I've been trying higher iterations to get better voice matching between samples and model for data set specific voices.
Is there a way to get the loss on a per language basis?
I'm currently retraining the aligner with the Cherokee audio sourced from tape removed. I will then train the TTS again to see if that helps any.
I suppose this question also applies to the aligner.
I recommend not training from scratch on your low resource data, and instead only using it for finetuning. The idea of the Meta model is to train on a lot of data from resource-rich languages and then taking this trained model and finetuning it on the low-resource language. Best results in the low-resource language are achieved if you finetune only on this language, but then the model loses its multilinguality, the other languages degrade. To prevent that you can do this joint training that you are doing now with high and low resource data mixed, but then you get slightly worse performance in the low-resource language.
In any case, you should pretrain for a longer time with only the high-resource data and then finetune for around 30k steps with the low-resource data (depending on how many minutes of low-resource data you have, the more data, the more steps you can go). And once the pretrained tone model is ready, the idea is that anyone who wants to apply this to low-resource can skip the first step and just download it and directly finetune.
For the aligner it's ok to overfit the ASR objective a little bit, so there the steps don't need to be considered as carefully. Finetuning the pretrained aligner for ~5 epochs on the low resource data should be fine either way.

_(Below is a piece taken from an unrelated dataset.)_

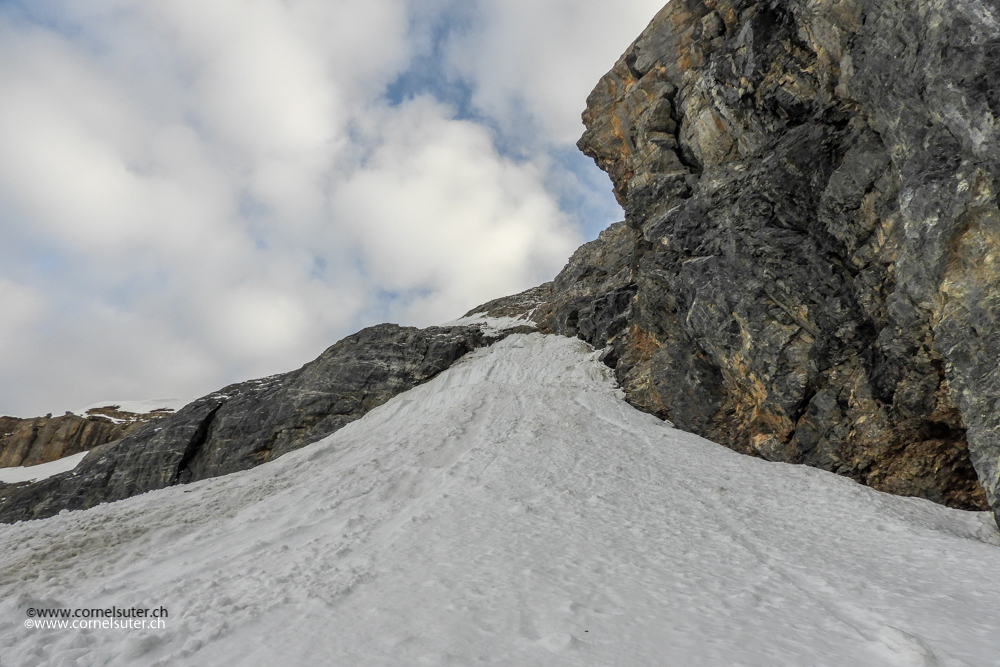 Skidepot am Chammliberg, nun zu Fuss weiter.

I "augmented" my data with the following script: (https://github.com/CherokeeLanguage/cherokee-audio-data/blob/main/create_augmented.py)

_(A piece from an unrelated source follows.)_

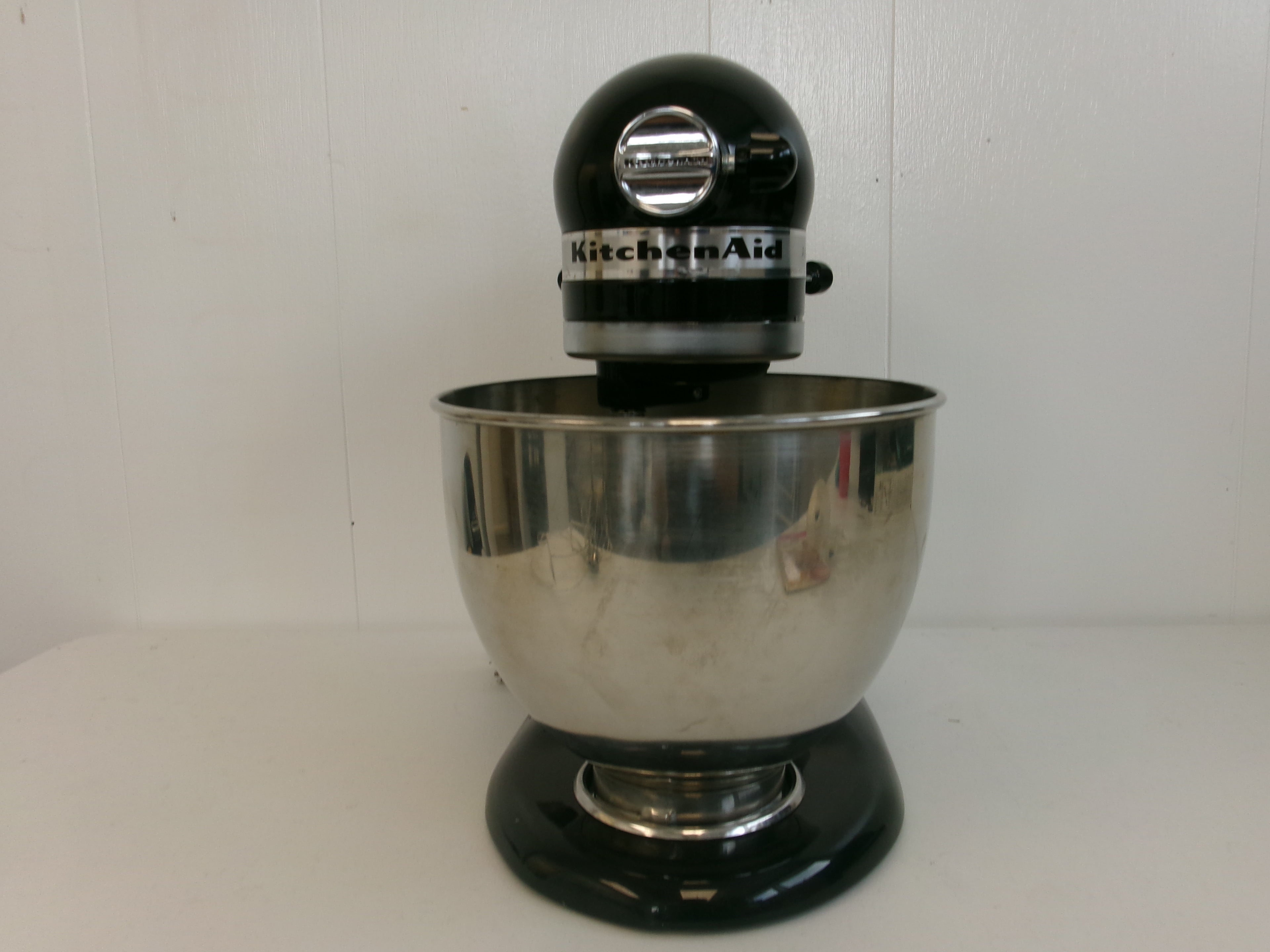 KitchenAid Artisan KSM150PSOB Design Series 5 Quart Stand Mixer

Adding in the longer combined sequences has greatly enhanced the quality of the output and so far the loss of syllables and doubling s sounds has not occurred.

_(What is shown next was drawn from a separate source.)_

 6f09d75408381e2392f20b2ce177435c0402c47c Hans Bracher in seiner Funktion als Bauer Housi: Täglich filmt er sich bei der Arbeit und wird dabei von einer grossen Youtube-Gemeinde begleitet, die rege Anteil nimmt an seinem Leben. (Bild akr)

New pretrained models are available now, maybe with those the overfitting issues can be fixed? If you finetune a pretrained model on your data for just a few epochs, it should achieve peak performance before overfitting starts to set in.
Sorry I haven't responded in a while. Family and health issues.
I tracked down part of the "over fitting" to be caused by the aligner. It seems that the aligner needed retraining on the exact data I was working with.
I've not had time yet to write out the code needed to fine tune the new model to see how they compare.
However, I do have a working model now, with several acceptable voices.
Sorry to hear that, glad you're doing better now!
The aligner is finetuned automatically, whenever you're creating a new fastspeech dataset and there is not an already existing aligner model in the corresponding cache directory. If the following argument to the corpus preparation function is true (which it is by default) it will finetune the aligner for 5 epochs if a general aligner model is available or train one from scratch for 50 epochs if there is no general aligner checkpoint to finetune from.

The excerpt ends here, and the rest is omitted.